The following article was written by Christine Jardine, Liberal Democrat MP for Edinburgh West and published yesterday on the Lib Dem Voice Website.

‘No taxation without representation’ was the call to arms which shook Westminster to its very core, and drove the American Revolution.

And yet nearly 250 years later here we are again. In this country today 16 and 17 year olds can pay tax and national insurance, and yet they have no say, no representation in how that money they contribute to the public purse is spent.

They can also get married and join the armed forces, but they cannot vote and have no say in our society’s decisions on their future. Yet, nobody has provided a reasonable explanation as to why. There have been plenty of excuses but no explanations.

It frustrates me because I have witnessed first-hand what a difference it makes to our politics, and what a contrast there is when sixteen and seventeen year olds join the debate.

On the eve of the European elections in May 2014, I spent the evening with a group of my daughter’s friends.

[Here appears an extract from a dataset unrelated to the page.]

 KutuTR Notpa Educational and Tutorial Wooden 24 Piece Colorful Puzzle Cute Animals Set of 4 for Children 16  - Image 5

It was her 16th birthday. They knew I was involved in both the European elections and the forthcoming Scottish Independence Referendum campaign and wanted to chat.

The conversations I had that night were some of the most enlightened, challenging and informed of the entire European or Independence referendum campaigns.

At one point, I noticed that even though there was a constant stream of questions a few of the people were also all on their phones.

I was on the brink of being disappointed, when I discovered that they were actually texting other friends who were sending back their own questions to ask.

Imagine that? Young people so desperately keen to understand and be involved in the democratic process.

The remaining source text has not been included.